(Brief descriptive captions):

-=-=-=-=-

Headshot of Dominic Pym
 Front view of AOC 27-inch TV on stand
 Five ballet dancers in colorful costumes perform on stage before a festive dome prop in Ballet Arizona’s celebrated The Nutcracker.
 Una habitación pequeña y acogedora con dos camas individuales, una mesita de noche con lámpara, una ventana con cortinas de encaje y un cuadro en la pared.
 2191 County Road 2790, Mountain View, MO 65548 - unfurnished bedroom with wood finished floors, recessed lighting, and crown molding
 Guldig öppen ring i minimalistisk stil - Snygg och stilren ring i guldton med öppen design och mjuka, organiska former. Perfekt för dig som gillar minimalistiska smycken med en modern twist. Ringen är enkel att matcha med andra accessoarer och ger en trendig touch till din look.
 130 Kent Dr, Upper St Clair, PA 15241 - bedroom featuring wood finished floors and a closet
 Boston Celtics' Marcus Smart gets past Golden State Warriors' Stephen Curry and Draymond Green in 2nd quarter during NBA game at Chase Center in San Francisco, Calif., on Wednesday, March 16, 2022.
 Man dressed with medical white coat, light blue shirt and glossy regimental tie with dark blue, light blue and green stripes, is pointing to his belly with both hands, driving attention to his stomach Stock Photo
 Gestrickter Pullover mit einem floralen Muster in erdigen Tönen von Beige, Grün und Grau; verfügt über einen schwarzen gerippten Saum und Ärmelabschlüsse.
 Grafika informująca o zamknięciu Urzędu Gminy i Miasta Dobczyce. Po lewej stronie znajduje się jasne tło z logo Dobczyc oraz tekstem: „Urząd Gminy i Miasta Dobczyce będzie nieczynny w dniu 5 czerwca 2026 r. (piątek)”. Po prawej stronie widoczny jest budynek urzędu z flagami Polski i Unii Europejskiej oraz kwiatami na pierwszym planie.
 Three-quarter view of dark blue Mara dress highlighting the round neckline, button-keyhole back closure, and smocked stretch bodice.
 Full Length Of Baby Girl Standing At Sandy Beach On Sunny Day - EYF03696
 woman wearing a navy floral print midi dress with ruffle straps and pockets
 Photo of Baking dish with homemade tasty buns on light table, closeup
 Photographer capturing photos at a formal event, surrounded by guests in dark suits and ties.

-=-=-=-=-

(WHAT YOU NEED TO DO):
Output the records above exactly, from their first line through the line that contains "Una habitación pequeña", and add nothing.

(SOLUTION TO THIS EXERCISE):
Headshot of Dominic Pym
 Front view of AOC 27-inch TV on stand
 Five ballet dancers in colorful costumes perform on stage before a festive dome prop in Ballet Arizona’s celebrated The Nutcracker.
 Una habitación pequeña y acogedora con dos camas individuales, una mesita de noche con lámpara, una ventana con cortinas de encaje y un cuadro en la pared.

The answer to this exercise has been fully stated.